The study included 31 patients who ranged in age from 27 to 75 years; for at-home therapy, 22 received ceftriaxone, in a dosage of 2 g daily, and nine received cefazolin or vancomycin. All of the patients were initially treated with one to two weeks of intravenous nafcillin, vancomycin or cefazolin before discharge from the hospital. Antimicrobial therapy was given for a mean duration of 49 ± 7 days. Follow-up was continued at least six months in each patient. Excluded from the study were patients with infection caused by methicillin-resistant organisms.
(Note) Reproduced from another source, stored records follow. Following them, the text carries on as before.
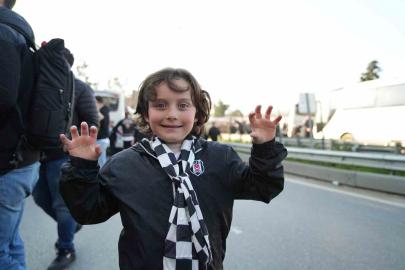 Beşiktaşlı taraftarlar derbi için Kadıköy’de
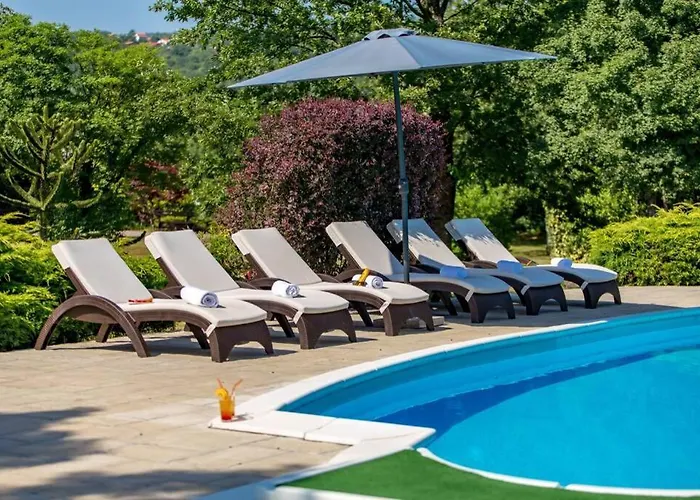 Villa Holiday House With Swimming Pool *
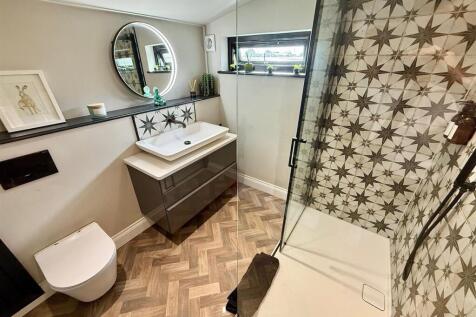 Family Shower Room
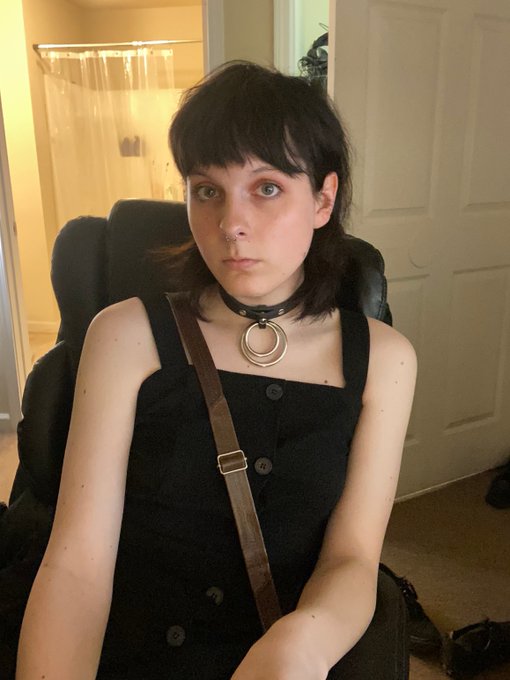 heyyy im actually wearing makeup https://t.co/uF9Vx8WUyp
Clinical cure was defined as resolution of all signs and symptoms of infection with microbiologic confirmation that the infection had been eradicated. An indeterminate outcome was defined as resolution of signs and symptoms of infection with a need for continued antimicrobial suppression. Treatment failure was defined as continued inflammation with signs of primary or secondary infection that required further surgical debridement or antibiotic therapy.

Sites of infection in the 22 patients who received ceftriaxone during home-care therapy included the sternum, knee, spine, humerus, foot, maxilla and a bone flap. Of the 22 patients who received ceftriaxone, 17 (77 percent) were cured of the infection. Two patients had indeterminate outcomes and, in both cases, infected hardware could not be removed and patients were maintained on oral antibiotics. Treatment failure occurred in three patients, but each of these patients had necrotic bone that could not be surgically excised. No adverse events were associated with the use of ceftriaxone.

Of the nine patients who received home-care therapy with vancomycin or cefazolin, seven were cured, one had an indeterminate outcome and one had a treatment failure. This latter patient had infection of the spine and hardware that could not be removed.

The authors note that the minimal inhibitory concentration for ceftriaxone is more than that for cefazolin (2 versus 0.5 μg per mL). Despite this difference, they conclude that ceftriaxone is effective in the treatment of S. aureus osteomyelitis. This agent offers the convenience of dosing once daily compared with three times daily for cefazolin and at least twice daily for vancomycin. The authors note the importance of bone debridement and removal of hardware, if possible, as critical to ensuring a good outcome.